Hors motifs médicaux, les tests génétiques sont interdits en France. Et même quand ils sont permis, ils sont très encadrés. Actuellement, quand un médecin procède au test d’un patient, il ne peut le faire que dans un but défini à l’avance (par exemple, identifier une mucoviscidose ou un cancer). Autrement dit, s’il découvre autre chose, il ne peut pas en informer le patient. Désormais, il le pourra. En revanche, le libre recours aux tests génétiques resterait interdit. De même, les tests pré-conception (réalisés par un couple qui veut un enfant pour savoir si celui-ci risque d’être porteur d’une maladie génétique) restent proscrits.

Recherche sur les cellules-souches embryonnaires

Interdites sauf via une dérogation jusqu’en 2013, les recherches sur l’embryon et les cellules-souches issues d’un embryon humain sont aujourd’hui strictement encadrées.

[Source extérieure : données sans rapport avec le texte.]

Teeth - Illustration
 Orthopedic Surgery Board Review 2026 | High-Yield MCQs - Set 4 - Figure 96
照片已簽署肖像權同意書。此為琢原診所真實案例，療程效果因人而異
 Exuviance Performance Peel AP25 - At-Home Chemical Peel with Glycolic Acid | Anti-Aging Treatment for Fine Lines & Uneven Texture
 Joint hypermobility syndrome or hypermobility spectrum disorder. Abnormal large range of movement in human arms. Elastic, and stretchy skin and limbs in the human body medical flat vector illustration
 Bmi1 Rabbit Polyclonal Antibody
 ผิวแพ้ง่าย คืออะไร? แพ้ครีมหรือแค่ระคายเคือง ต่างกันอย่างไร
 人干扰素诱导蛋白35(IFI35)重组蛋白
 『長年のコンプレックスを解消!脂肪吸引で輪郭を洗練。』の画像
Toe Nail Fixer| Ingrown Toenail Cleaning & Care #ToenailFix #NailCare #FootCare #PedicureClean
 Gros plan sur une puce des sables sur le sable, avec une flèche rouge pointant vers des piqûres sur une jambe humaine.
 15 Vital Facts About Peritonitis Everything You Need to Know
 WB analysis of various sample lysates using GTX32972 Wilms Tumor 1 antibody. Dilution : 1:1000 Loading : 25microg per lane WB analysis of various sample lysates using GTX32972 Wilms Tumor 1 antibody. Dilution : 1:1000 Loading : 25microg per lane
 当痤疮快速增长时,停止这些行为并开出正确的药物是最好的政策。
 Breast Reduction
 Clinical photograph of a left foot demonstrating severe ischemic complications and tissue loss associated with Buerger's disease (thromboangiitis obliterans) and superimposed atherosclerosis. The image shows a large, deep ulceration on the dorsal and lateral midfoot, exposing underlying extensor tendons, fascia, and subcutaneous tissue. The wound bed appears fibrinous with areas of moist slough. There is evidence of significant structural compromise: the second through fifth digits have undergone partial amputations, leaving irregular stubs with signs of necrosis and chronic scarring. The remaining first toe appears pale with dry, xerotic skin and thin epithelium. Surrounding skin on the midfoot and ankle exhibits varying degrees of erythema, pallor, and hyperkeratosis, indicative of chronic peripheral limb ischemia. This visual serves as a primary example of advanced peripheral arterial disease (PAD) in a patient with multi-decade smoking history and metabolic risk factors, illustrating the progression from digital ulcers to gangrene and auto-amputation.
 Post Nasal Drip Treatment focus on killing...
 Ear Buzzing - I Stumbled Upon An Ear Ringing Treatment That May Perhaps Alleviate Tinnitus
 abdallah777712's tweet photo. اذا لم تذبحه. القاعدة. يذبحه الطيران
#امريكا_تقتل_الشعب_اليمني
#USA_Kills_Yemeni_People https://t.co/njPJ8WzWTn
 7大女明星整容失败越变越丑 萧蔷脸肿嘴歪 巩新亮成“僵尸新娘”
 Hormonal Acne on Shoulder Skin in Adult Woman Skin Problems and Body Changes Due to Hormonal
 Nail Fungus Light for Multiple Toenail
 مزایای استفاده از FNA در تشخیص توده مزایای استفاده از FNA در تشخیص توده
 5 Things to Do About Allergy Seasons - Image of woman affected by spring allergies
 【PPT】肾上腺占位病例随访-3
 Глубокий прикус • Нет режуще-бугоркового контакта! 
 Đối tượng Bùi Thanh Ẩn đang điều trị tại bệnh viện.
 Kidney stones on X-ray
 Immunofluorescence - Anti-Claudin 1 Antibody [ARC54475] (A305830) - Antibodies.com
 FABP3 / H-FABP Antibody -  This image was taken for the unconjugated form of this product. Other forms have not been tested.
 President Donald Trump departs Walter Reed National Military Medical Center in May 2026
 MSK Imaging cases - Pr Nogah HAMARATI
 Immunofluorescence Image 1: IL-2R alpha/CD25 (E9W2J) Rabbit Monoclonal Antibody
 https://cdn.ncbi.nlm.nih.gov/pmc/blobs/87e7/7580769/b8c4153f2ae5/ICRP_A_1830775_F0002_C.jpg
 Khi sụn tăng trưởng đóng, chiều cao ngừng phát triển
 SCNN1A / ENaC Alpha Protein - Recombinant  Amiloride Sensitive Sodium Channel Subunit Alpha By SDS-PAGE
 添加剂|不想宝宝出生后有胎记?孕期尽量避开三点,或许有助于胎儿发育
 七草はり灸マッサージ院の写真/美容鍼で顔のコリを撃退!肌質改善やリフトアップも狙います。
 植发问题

Le texte fait évoluer ce cadre. Le but affiché : « supprimer les contraintes infondées qui pèsent sur la recherche recourant à certaines cellules ». En clair, le texte part du principe que la recherche sur les cellules-souches embryonnaires pose des questions éthiques moins lourdes que celle sur l’embryon lui-même.

Le projet de loi sépare donc les régimes juridiques qui régissent ces deux types de recherche, afin de faciliter celle sur les cellules-souches embryonnaires humaines, mais pas celle sur l’embryon. Sachant que ces cellules-souches embryonnaires sont particulièrement précieuses pour la recherche, car elles peuvent se multiplier à l’infini et donner naissance à tous les types de cellules de l’organisme, selon l'Inserm.

Délai de réflexion pour l’IMG

En cas d’interruption médicale de grossesse (IMG), qui peut s’effectuer jusqu’au terme de la grossesse si la santé de la mère est en danger ou si l’embryon ou fœtus a une maladie grave ou incurable, il était jusqu’ici proposé au couple concerné, à chaque fois, une semaine de réflexion. Un délai qui serait supprimé par ce texte de loi. De plus, l’obligation de prévenir ses parents pour une femme mineure serait supprimée en cas d’IMG.